In a blog post on Friday, comScore tried to put its finding that Google paid clicks were flat (actually down a smidge) in January (Techmeme). If you recall, Google shares were crushed on the news.

ComScore writes in a riff that was likely inspired by a call from Google:

Earlier this week, comScore released its January 2008 qSearch paid click report, which showed a 7% sequential decline vs. December ‘07, and a flat annual growth in paid clicks for Google. Moreover, the number of paid clicks per Google search query declined by 8% from December to January, suggesting that consumers are clicking less on search ads, possibly reflecting a weaker buying appetite. The information triggered a flurry of reactions in the media and the financial community that centered on two concerns: 1) a potentially weak first quarter outlook for Google, and 2) an indication that a soft U.S. economy is beginning to drag down the online advertising market.

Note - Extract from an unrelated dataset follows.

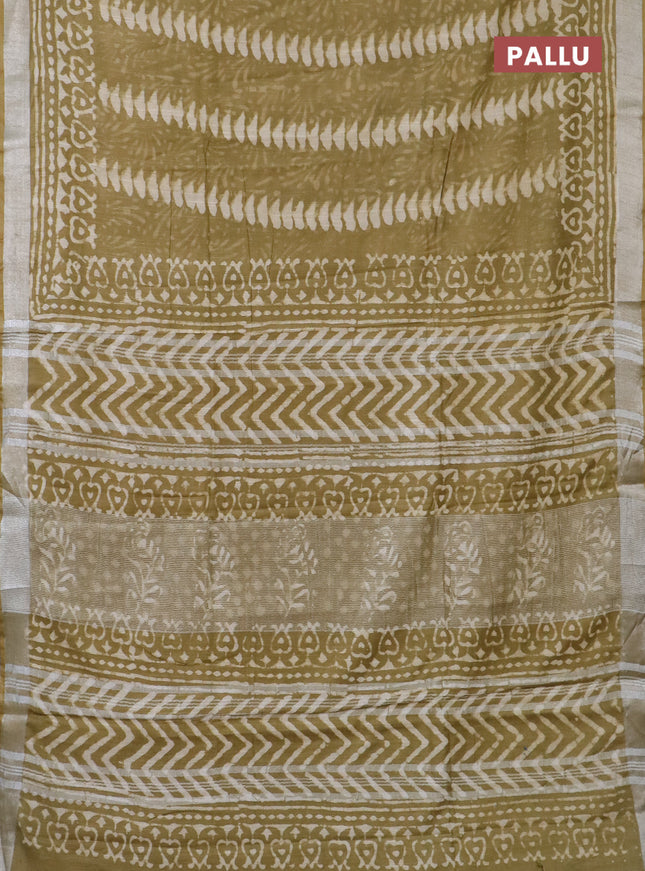 Linen cotton saree elaichi green and beige with allover prints and silver zari woven border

While we do not claim that these concerns are unwarranted, we believe a careful analysis of our search data does not lend them direct support. More specifically, the evidence suggests that the softness in Google's paid click metrics is primarily a result of Google's own quality initiatives that result in a reduction in the number of paid listings and, therefore, the opportunity for paid clicks to occur. In addition, the reduction in the incidence of paid listings existed progressively throughout 2007 and was successfully offset by improved revenue per click. It is entirely possible, if not likely, that the improved revenue yield will continue to deliver strong revenue growth in the first quarter. Separately, there is no evidence of a slowdown in consumers clicking on paid search ads for rest of the US search market, which comprises 40% of all searches.

That language from comScore is notable. The takeaways:

  • Our paid click data isn't that big of a deal;
  • Google is our gravy train and we better circle the wagons around it;
  • All of that said our data is still worth having of course--and probably right.

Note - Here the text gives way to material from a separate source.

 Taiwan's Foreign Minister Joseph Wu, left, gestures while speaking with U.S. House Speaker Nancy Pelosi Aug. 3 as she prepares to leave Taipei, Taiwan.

That's a lot of tap-dancing folks. And to make matters worse this tap dancing in the name of protecting Google is downright dangerous to comScore's business. The dirty little secret in the Web business is that a lot of folks aren't so enamored with comScore's data. I've questioned it openly. I simply don't buy the panel model.

But by trying to explain its data better in a thinly veiled attempt to undo Google's hit comScore is showing it will budge if the customer is big enough and pissed enough. Guess what happens next time comScore's data doesn't help out a big Internet giant? You got it. More questions. More calls from customers. And more questions about the underlying data. The future mission: Get comScore to backtrack on its data that you don't agree with.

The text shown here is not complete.